Les Miserables does not shy away from the human condition in all of its facets. In doing so we may benefit as we look into the faces of plainness and greatness, beauty and depravity, brokenness and hope. Napoleon took the above words and made a bishop of M. Myriel. Whether Napoleon benefited from his gaze upon the humble priest is unknown. We are charged, nevertheless, with observing carefully the characters that are presented before us in the following pages: Jean Valjean—in all his visages—Cosette, Fantine, Javert, Marius, the Thénardiers…. Will we learn from them; we will benefit?

What does one make of Fantine? Valjean pronounces, “But let me assure you of this, that if it has  all been as you say—and I do not doubt it—then you have never been anything but virtuous and chaste in the eyes of God. My poor girl” (190). Do we believe that? Can circumstances excuse sin? In asking the question, I am assuming any sex outside of marriage is sin. Valjean’s worldview is not quite so rigid. Mercy trumps justice—or is justice—in his cosmos. He knows what need drives someone to. He experienced hunger and the internal suffering that comes when loved ones experience the same. No work, no bread, a sister with seven children. And he stole bread. 

Desperate, ill treated, a sick daughter (so she thought) and the inability to pay due to circumstances that were stacked against her, and Fantine resorted to prostitution. Does her ignorance and the admittedly unfair circumstances justify and/or excuse her actions? Valjean believes they do, believing also that she would not have chosen that line of work otherwise. 

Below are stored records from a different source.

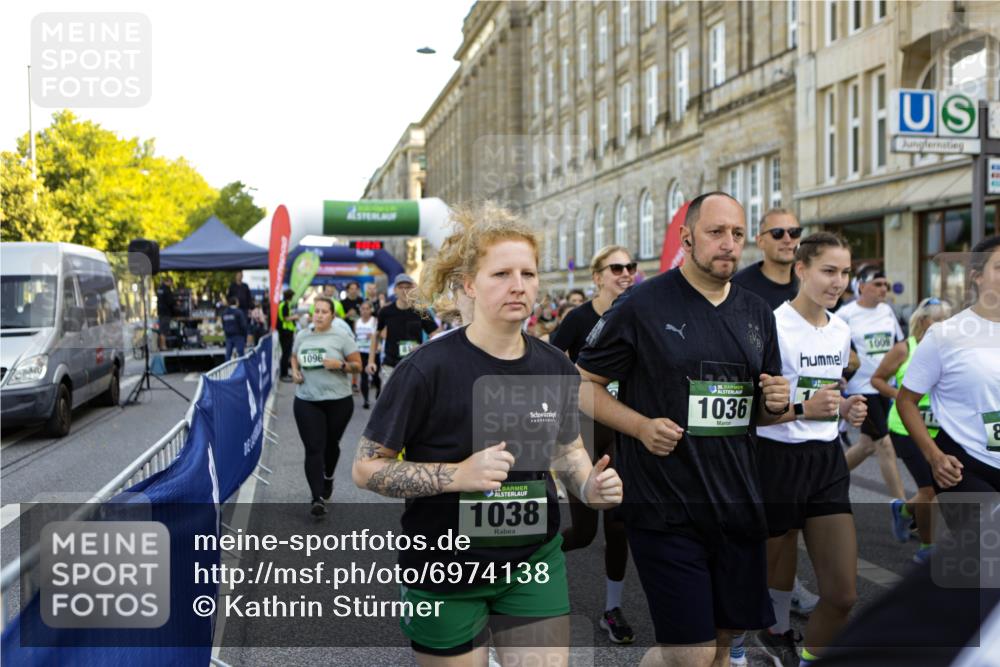 01.09.2024 - BARMER Alsterlauf Kathrin Stürmer Photography http://msf.ph/oto/6974138 01.09.2024 11:30:26 Ziel 8339 meine-sportfotos.de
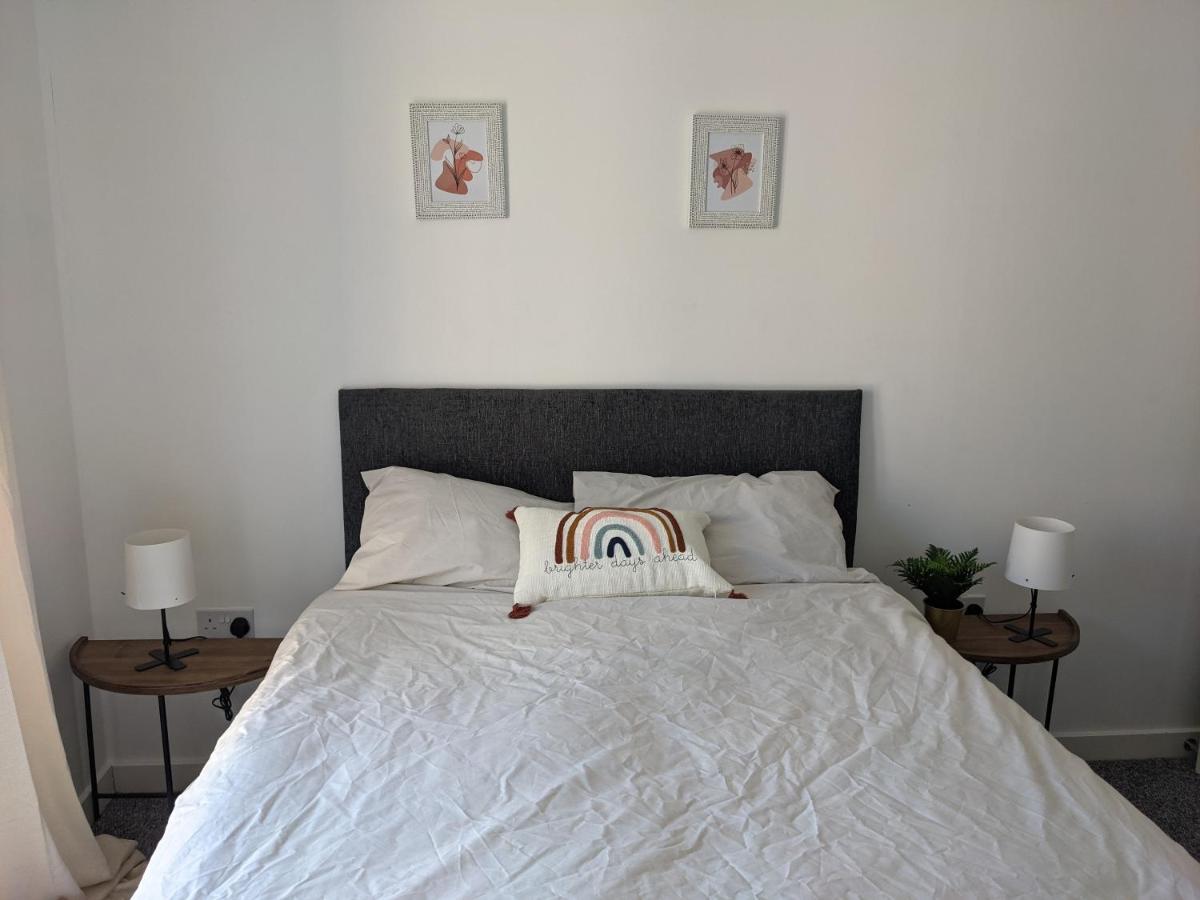 Simple 2-Bedroom 1.5 Bath Apartment In Thornhill Southampton Exteriör bild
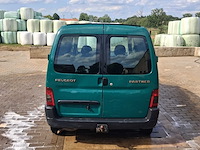 Peugeot partner lichte vracht 1.9 diesel - 175.598 km - trekhaak - ruime afgesloten laadruimte - afbeelding 12 van  17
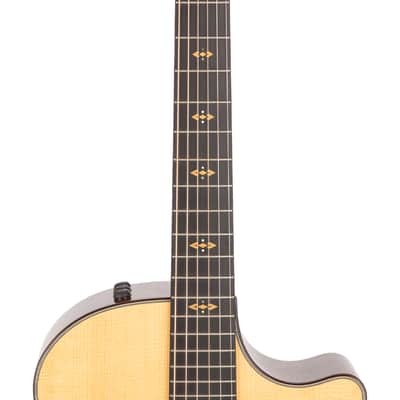 2018 Taylor Custom 11051 Grand Auditorium Lutz Spruce Top w/Quilt Sapele Acoustic Guitar, 110912XXXX image 6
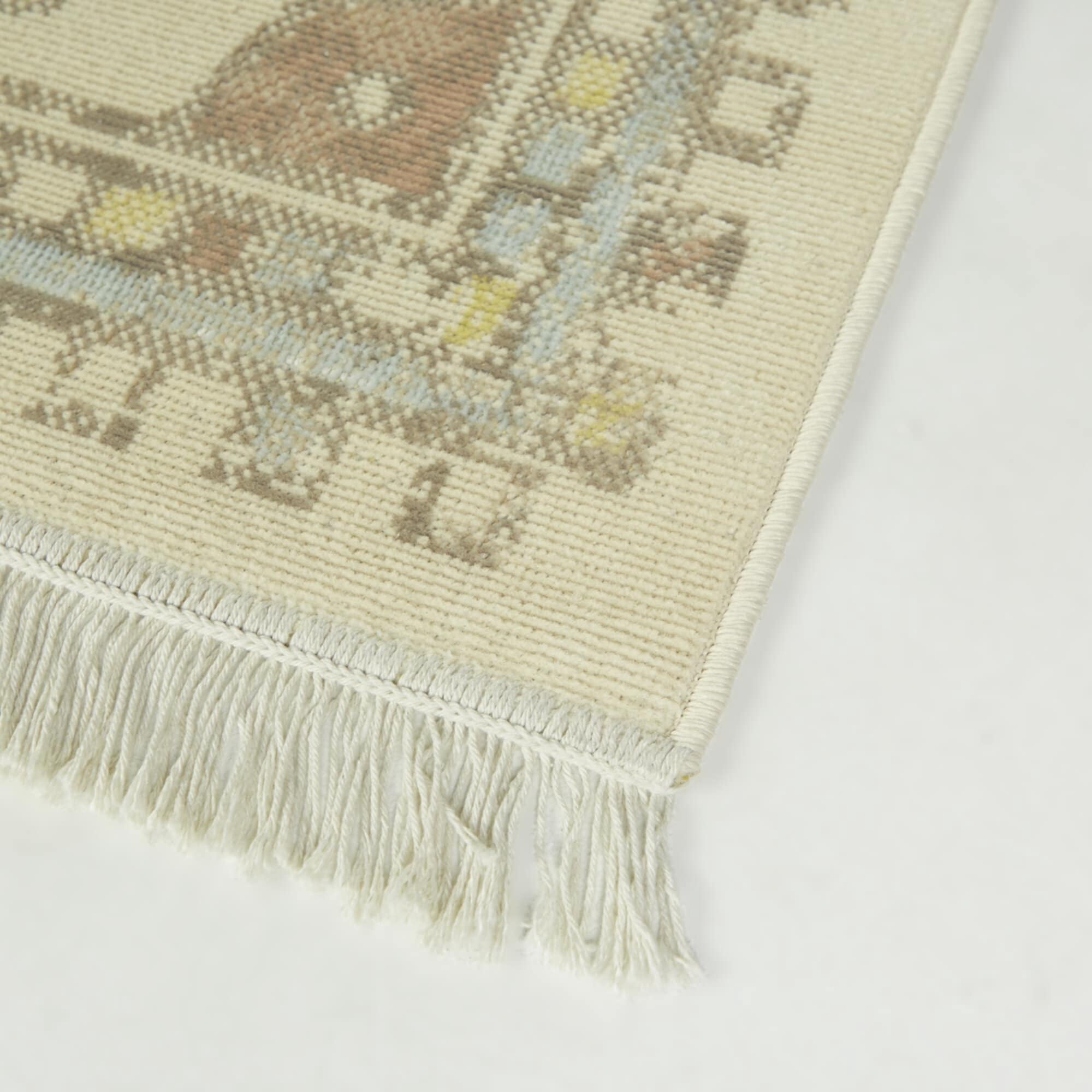 Balta Penrose Traditional Medallion Recycled Area Rug Gold 5'3" x 7' 5 ...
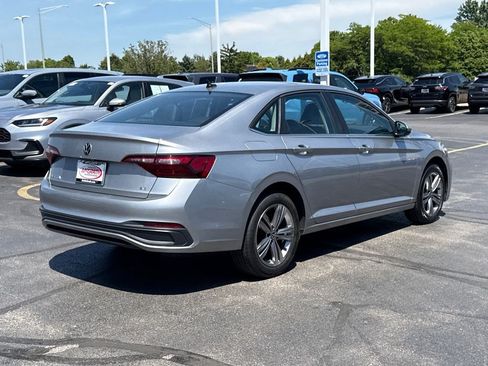 Used 2022 Volkswagen Jetta SE w/ Panoramic Sunroof Package FWD image 11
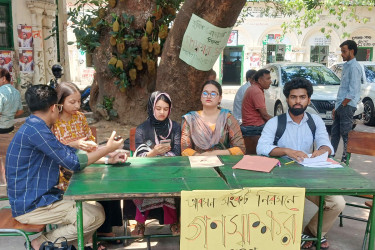 হলের সিটের দাবিতে ঢাবির নবীন শিক্ষার্থীদের গণস্বাক্ষর কর্মসূচি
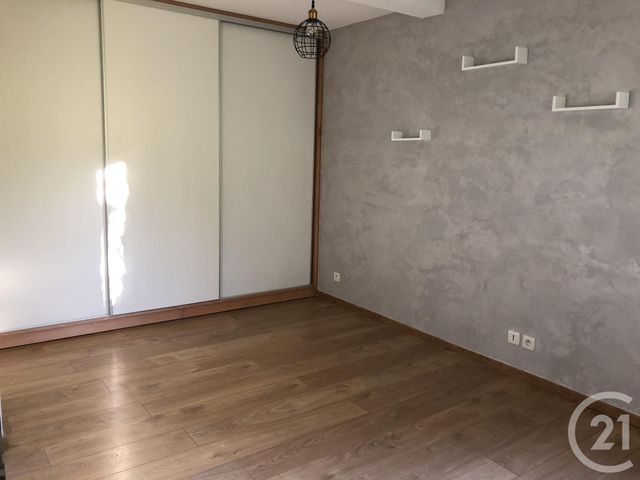 Appartement F4 à louer - 4 pièces - 90.0 m2 - MONTBELIARD - 25 - FRANCHE-COMTE - Century 21 Agence De La Gare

Regardless of where we fall on this issue, what can we learn from Fantine? How can we benefit by looking at her condition? Maybe we lean in the direction that she still is at fault for how she ended up: her poor choices with Tholomyès. As a morality tale, we see that our choices have consequences and can lead to far worse things than we ever could have imagined. Would the young girl who “was happiness itself” (129) ever suspect that she would sell her two eye teeth, have her hair shorn, and sell her body to help care for her child with no father? 

Or maybe we lean in the direction of seeing the possibility of redemption in a situation that is surely beyond redeeming. For Fantine has no hope of escaping her desperate situation. Financially and emotionally trapped in the her lifestyle, abused by the men who buy her and those who disdain her, and judged by Javert, what hope does she have—unless Madeleine happens to be in the same room when justice is handed down. And then things change—dramatically, and not just for Fantine. Mercy sets the small pebble rolling down the rocky hillside. 

Hope. Is that the morality tale from Fantine? Can we benefit—and benefit others by not prejudging a situation hopeless? Can we see a glimmer of light in the bleakest of places, or will we sit in the judge’s chair and render our near-sighted verdict upon the evidence given, quoting a Bible verse along the way? Do we wait for repentance or pursue redemption even when the first response is derision and spit (185)?

In what ways will we see Fantine and benefit?